Results—Inflammation and immune activation

  • Researchers found that heavy marijuana users had significantly reduced levels of activated CD4+ and CD8+ cells (written as CD4+ HLA-DR+ CD38+ and CD8+ HLA-DR+ CD38+) compared to non-users.
  • Levels of another group of cells (monocytes) of the immune system that displayed the proteins CD14+ and CD16+ on their surface were decreased among moderate and heavy marijuana users compared to non-users.
  • Another group of cells of the immune system are called dendritic cells. Researchers found that a subset of these called myeloid dendritic cells were “significantly lower in the moderate and heavy cannabis-using groups as compared to non-users.”
  • Another group of cells of the immune system called APCs (antigen-presenting cells), which produce chemical signals of inflammation, were significantly reduced in heavy cannabis users vs. other participants.

Bear in mind

Taken together, the findings from the present study are highly suggestive of marijuana’s ability to reduce immune activation and to some extent inflammation.

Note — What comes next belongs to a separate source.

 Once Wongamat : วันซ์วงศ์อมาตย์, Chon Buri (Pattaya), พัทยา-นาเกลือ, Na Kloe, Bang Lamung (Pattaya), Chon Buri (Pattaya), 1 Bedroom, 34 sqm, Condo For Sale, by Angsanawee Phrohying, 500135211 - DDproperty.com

The study was strengthened by the researchers’ ability to assess the blood samples of participants for the presence of key compounds found in marijuana. The reduction in immune activation and inflammation occurred because certain compounds in marijuana were able to interfere with the functioning of the immune system. There was no signal from the present study that this interference with the immune system was harmful (though the researchers did not appear to assess that). Studies are needed to assess the short-term and long-term safety of marijuana.

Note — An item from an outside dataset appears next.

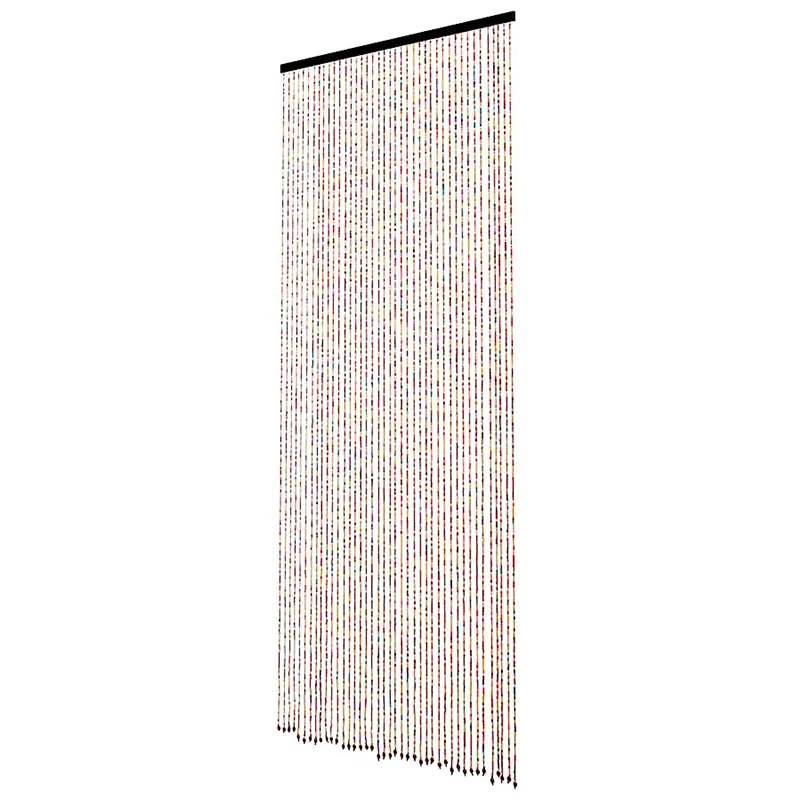 Rainbow bamboo beads curtains for the living room blackout door curtain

However, as the present study was observational in design, it does not prove that the use of marijuana caused the reduction in immune activation and inflammation. The present study does provide a foundation for designing a more robust future study. Such a study needs to examine at least the following:

  • Which strains of marijuana were used?
  • What was the relative mix of cannabinoids in such strains?
  • How was marijuana used—smoked, ingested (edibles) or vapourized?
  • How much marijuana was used and how often?
  • Did marijuana interact with ART and/or other medicines commonly used by co-infected people?
  • Are there differences in the effect of marijuana by gender?

—Sean R. Hosein

REFERENCE:

Manuzak JA, Gott TM, Kirkwood JS, et al. Heavy cannabis use associated with reduction in activated and inflammatory immune cell frequencies in antiretroviral therapy-treated human immunodeficiency virus-infected individuals. Clinical Infectious Diseases. 2018; in press.